The lemma is expanded into:
msort_time ∈ {h. ∃c. ∀x. ¦h x¦ ≤ c * ¦x * log 2 x¦}
But probably it should be:
msort_time ∈ {h. ∃c n. ∀x ≥ n. ¦h x¦ ≤ c * ¦x * log 2 x¦}
Maybe I can use another library for Big O notation?
I've tried to prove the following lemma instead but got stuck:
lemma sum_log:
"x > 0 ⟹ y > 0 ⟹
x * log 2 x + y * log 2 y ≤ (x + y) * log 2 (x + y)"
by (simp add: add_mono_thms_linordered_semiring(1) distrib_right)

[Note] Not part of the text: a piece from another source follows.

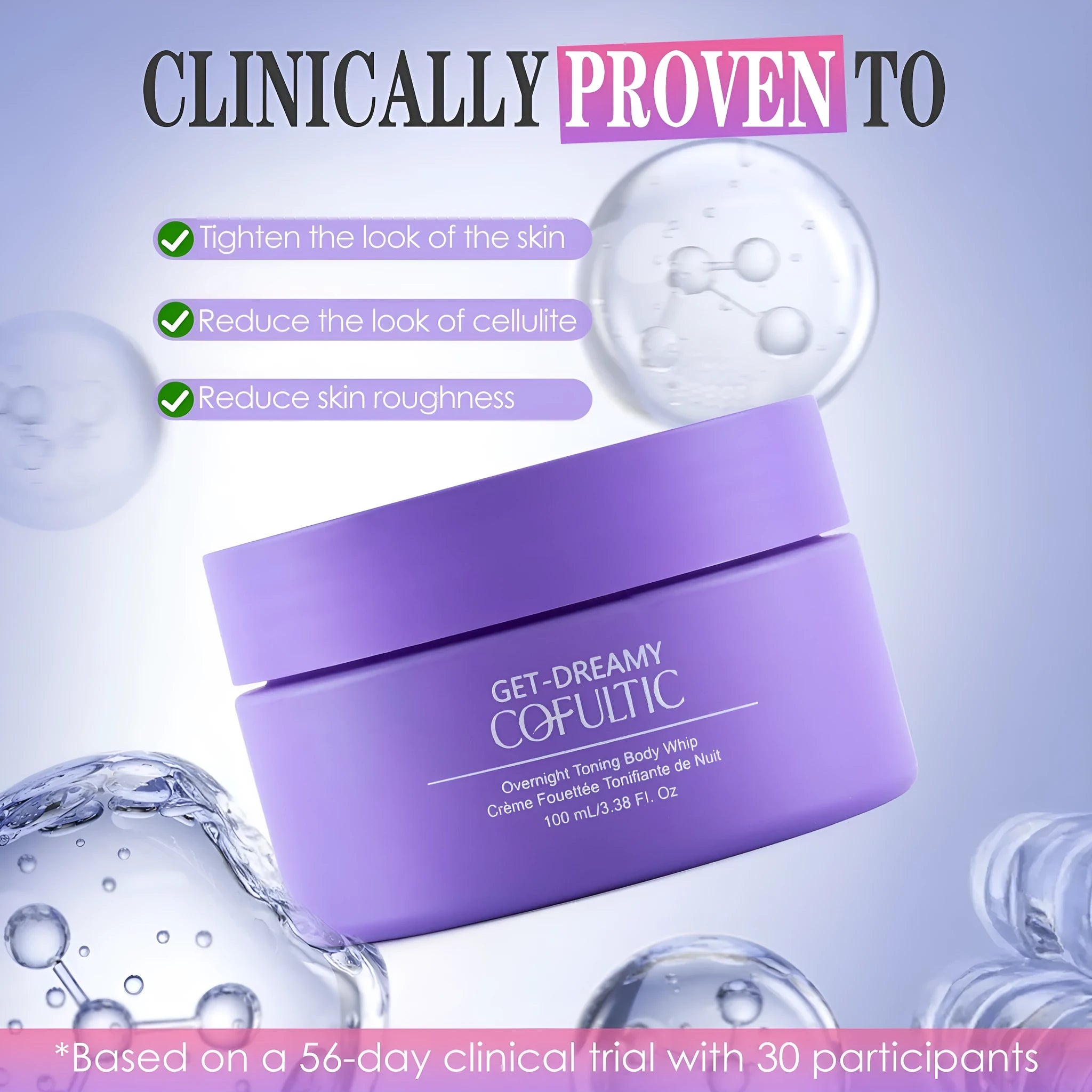 Cofultic Night Sleep Tightening Cream 100ml jar with pump dispenser, shown on a soft surface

lemma msort_time_upper_bound:
"∃c. ∀n ≥ 2. msort_time n ≤ c * n * log 2 n"
proof
let ?c = 3
show "∀n ≥ 2. msort_time n ≤ ?c * n * log 2 n"
proof
fix n :: nat
show "n ≥ 2 ⟶ msort_time n ≤ ?c * real n * log 2 n"
proof
assume "n ≥ 2"
then show "msort_time n ≤ ?c * real n * log 2 n"
proof (induct n rule: less_induct)
case (less n)
then show ?case
proof -
consider
(n1) "n < 2" |
(n2) "n = 2" |
(n3) "n = 3" |
(n4) "n ≥ 4"
by arith
then show "msort_time n ≤ ?c * real n * log 2 n"
proof (cases)
case n1
then show ?thesis by (simp add: less.prems less_le_not_le)
next
case n2
then show ?thesis by (simp add: numeral_2_eq_2)
next
case n3
then have "msort_time n = 8"
by (induct rule: msort_time.induct; simp)
also have "... < ?c * n" by (simp add: n3)
also have "... < ?c * n * log 2 n" by (simp add: n3)
finally show ?thesis by linarith
next
case n4
let ?a = "n div 2"
let ?b = "n - ?a"
have a: "2 ≤ ?a ∧ ?a < n" using n4 by simp_all
have b: "2 ≤ ?b ∧ ?b < n" using n4 by simp_all
have IH_a: "msort_time ?a ≤ ?c * real ?a * log 2 ?a"
using a less.hyps by blast
have IH_b: "msort_time ?b ≤ ?c * real ?b * log 2 ?b"
using b less.hyps by blast
have "msort_time n = msort_time ?a + msort_time ?b + n"
by (metis dual_order.strict_iff_not less.prems lessI msort_time.elims not_numeral_le_zero numeral_2_eq_2)
also have "... ≤ ?c * real ?a * log 2 ?a + ?c * real ?b * log 2 ?b + n"
using IH_a IH_b by argo
also have "... ≤ ?c * (real ?a + real ?b) * log 2 (real ?a + real ?b) + n"
using sum_log[of ?a ?b] b by linarith
also have "... ≤ ?c * n * log 2 n + n"
by simp
also have "... ≤ 2 * ?c * n * log 2 n"
using n4 mult_ge1_I by simp
finally show ?thesis
sorry
qed
qed
qed
qed
qed
qed
Could you please help to prove it?
Could you please give some suggestions on simplification of the proof. Is it possible to decrease number of nested proofs?